> _WHAT IS EXPECTED_: None of the pictures should appear; the lines from the line containing "DHA Quetta Daily" through the last line of the listing must be repeated exactly.

> _RAW DATA_:

==========

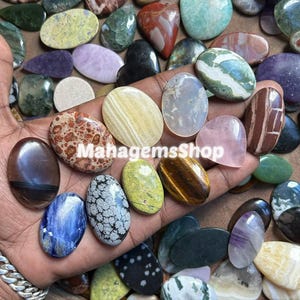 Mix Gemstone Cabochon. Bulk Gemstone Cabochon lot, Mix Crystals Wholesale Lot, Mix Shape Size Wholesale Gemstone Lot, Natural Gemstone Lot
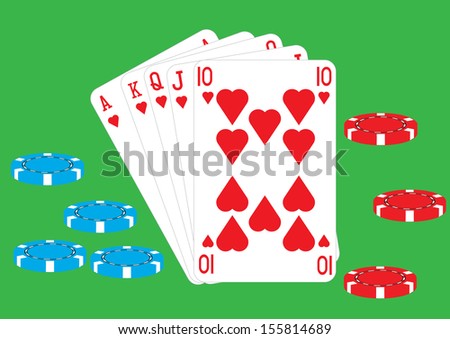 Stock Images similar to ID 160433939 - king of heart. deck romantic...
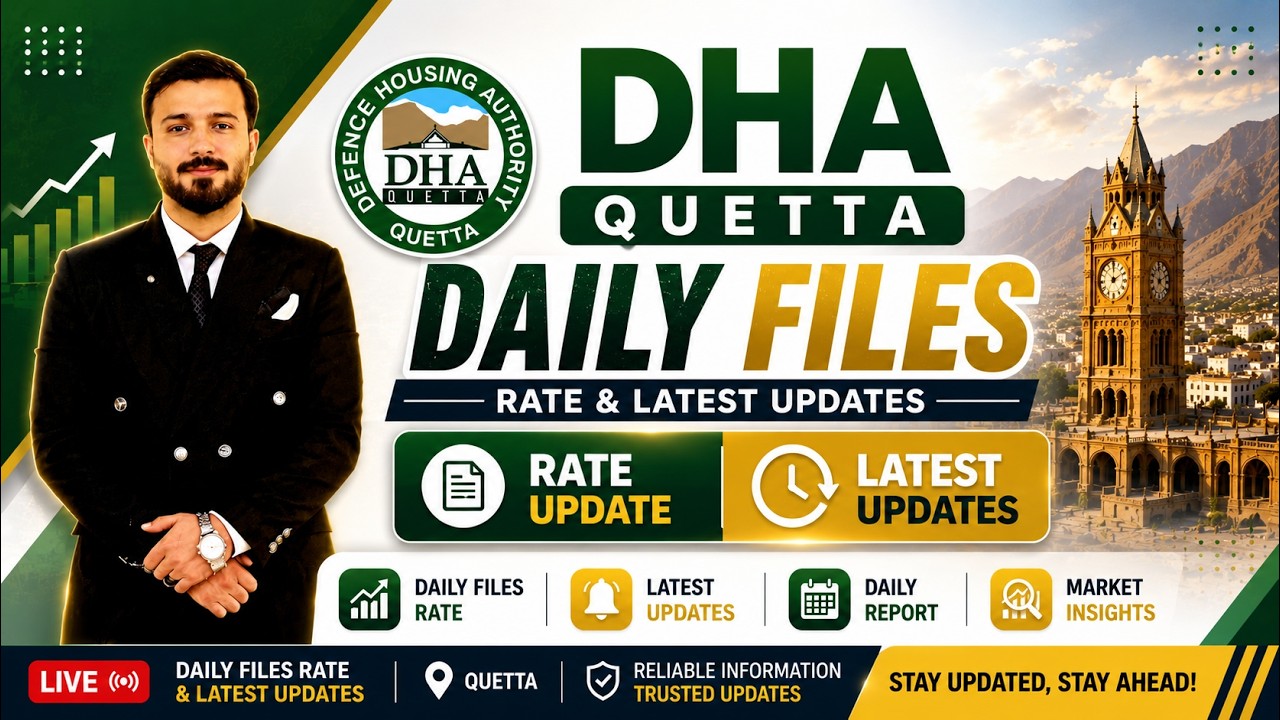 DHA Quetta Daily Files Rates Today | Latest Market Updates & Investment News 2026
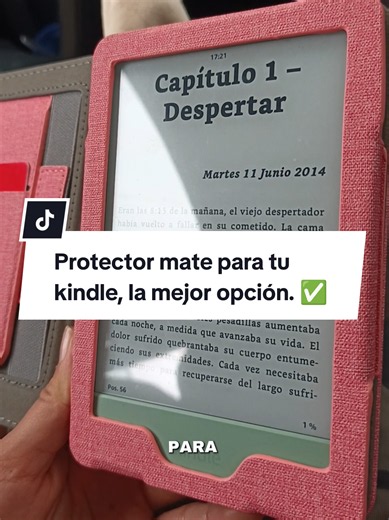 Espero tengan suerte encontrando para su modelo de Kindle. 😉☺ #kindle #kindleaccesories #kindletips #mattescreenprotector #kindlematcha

==========

> _WRITTEN SOLUTION_:
 DHA Quetta Daily Files Rates Today | Latest Market Updates & Investment News 2026
 Espero tengan suerte encontrando para su modelo de Kindle. 😉☺ #kindle #kindleaccesories #kindletips #mattescreenprotector #kindlematcha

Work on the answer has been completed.